IL VALORE DELLA SPERANZA:

Quella mattina, come tutti gli altri giorni, mi svegliai all’alba.

Aprii gli occhi, ma fui costretto a richiuderli subito per via della luce: una delle lastre di lamiera che servivano da soffitto non era ben sistemata sulla parete, perciò una grossa fessura si apriva sopra di me lasciando entrare la luce del giorno. Era una specie di sveglia rudimentale.

Lentamente mi alzai, ignorando il mal di schiena costante a cui ero ormai abituato e presi un pezzo di pane che il giorno prima mia madre era riuscita a procurarsi.

-Mamma, Julia alzatevi!- esclamai.

Mi guardai intorno, ma non c’era traccia di mio padre, probabilmente era da qualche parte a sperperare in alcolici quel poco che guadagnava.

Mia sorella fu la prima a svegliarsi. Io e lei eravamo fratelli gemelli; non c’erano molti gemelli della nostra età a Rocinha: in genere almeno uno dei due moriva durante il parto o prima di arrivare ai cinque anni.

Con uno sbadiglio si tirò in piedi e aiutò anche mamma ad alzarsi.
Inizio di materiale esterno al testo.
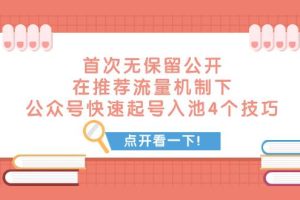 某付費文章 首次無保留公開 在推薦流量機制下 公眾號快速起號入池的4個技巧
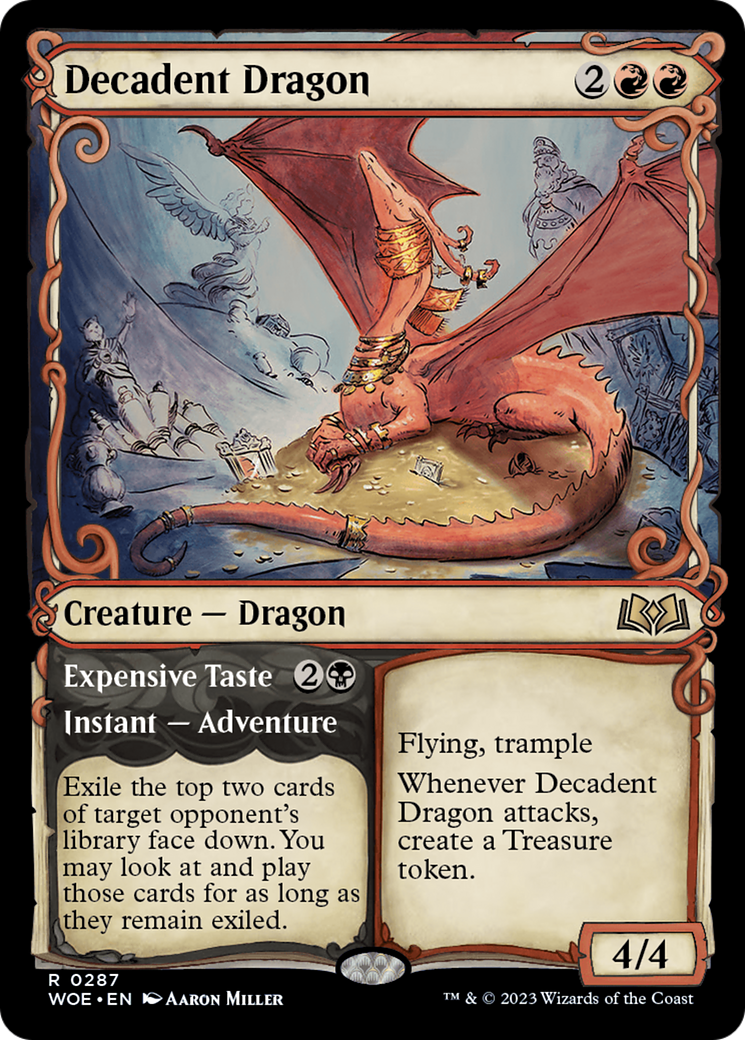 Decadent Dragon // Expensive Taste (Showcase) [Wilds of Eldraine] | Webway Games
Per mia madre non era semplice dormire sul terreno duro. Io avevo solo dodici anni eppure ero perseguitato da violenti mal di schiena per questo motivo, non immaginavo neanche cosa provasse lei, specialmente in quel periodo visto che era incinta.

-Karim, ho bisogno di un nuovo quaderno per la scuola, mi accompagni a comprarlo?- chiese Julia. Lei era l’unica a frequentare la scuola: non potevamo permetterci di andarci entrambi.

-Tranquilla, vado io- le risposi.

Così presi qualche Rael dal barattolo in cui tenevamo i soldi e uscii di casa, evitando a fatica i cavi scoperti che la circondavano.

Stavo per dirigermi verso il negozio quando sentii qualcosa di freddo premermi sulla nuca. Sapevo cos’era, non avevo dubbi: una pistola. Iniziai a tremare.

-Ragazzino, tu sei il figlio di Jose Costeila, vero?- mi domandò una voce bassa e roca.

Annuii spaventato.

-Bene. Il mese scorso ho prestato a tuo padre dieci Rael e quello non me li ha ancora restituiti. Ne voglio il doppio ora o ti faccio saltare il cervello-

Deglutii a fatica: venti Rael erano almeno un sesto di quello che guadagnavamo in un anno.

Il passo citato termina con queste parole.